You aren’t supposed to talk about these realities, so virtually nobody knows about them other than college presidents, who all appear to support quotas. I like to joke that just as in the old Nicolas Cage movie in which the president of the United States gets a key to the President’s Book of Secrets that divulges what really happened in the Kennedy assassination, there’s a Harvard President’s Book of Secrets that turns out to be a dog-eared copy of The Bell Curve.

If more people knew the facts, what could be done?

One possibility is that the SAT and ACT have broken down under the extreme test prepping paid for by so many Tiger Mothers, but that they could be fixed. Unfortunately, we are far more likely in the current climate to ban the tests as racist than seriously investigate how to improve them under the Asian onslaught.

Other reforms could be undertaken. For example, Asians are disproportionately exploiting the custom of giving one extra point of grade point average to students taking Advanced Placement classes. A study of University of California students found that a half-point boost generates more accurate predictions of student performance.

More broadly, we should reconsider the quantity of legal immigration in light of how much harder it is making it for African-Americans to earn elite status for themselves without race preferences. American blacks had a hard enough time competing with American whites. Putting them up against ever more of the cleverest and most ambitious of 4 billion Asians is a massacre.

To the extent that we decide we need preferences to admit enough blacks to elite colleges, we should use strict racial quotas that let in only the best of each race rather than the current trend toward wrecking the admissions system to make evidence for race preferences fuzzier.

And there’s no need for everybody to continue to pretend ever since the 1978 Bakke decision that exalted “diversity” as the excuse for violating the 14th Amendment’s requirement of equal protection of the laws that affirmative action makes colleges more intellectually stimulating when obviously the opposite has proven true. Quotas have helped make colleges minefields of cancel culture by bringing onto campus insecure and resentful masses of racially preferred students out to punish anyone who alludes to the race gaps that are American society’s central fact. Instead, underqualified preference beneficiaries should be told to be thankful for their privilege.
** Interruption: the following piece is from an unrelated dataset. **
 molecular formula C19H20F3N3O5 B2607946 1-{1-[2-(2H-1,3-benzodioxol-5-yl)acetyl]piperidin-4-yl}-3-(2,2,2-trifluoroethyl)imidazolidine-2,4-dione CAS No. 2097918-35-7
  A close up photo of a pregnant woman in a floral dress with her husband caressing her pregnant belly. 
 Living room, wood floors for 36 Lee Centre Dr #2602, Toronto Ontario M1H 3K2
Similarly, American institutions currently waste huge amounts of effort interrogating themselves for racism whenever they notice that their objective systems find that blacks behave worse on the whole than other races. For example, New York City’s Administration for Children’s Services is currently torturing itself to find the source of the racism that must be behind why “Black families are seven times as likely as white families to be accused of child maltreatment,” according to a breathless New York Times article.

But if you read deep enough into the investigation about racism at this office, you find:

Most A.C.S. caseworkers are Black, as is most leadership in the agency’s Division of Child Protection, the agency said.


A New York Times analysis of 83 child homicides from 2016 to 2022 found that Black children in the city were killed by family members at about seven times the rate for white and Asian children and three times the rate for Hispanic children.

So what’s the worst that can happen when the Child Protection agency guts itself over its own charges of racial inequity?

I mean, besides more murdered children?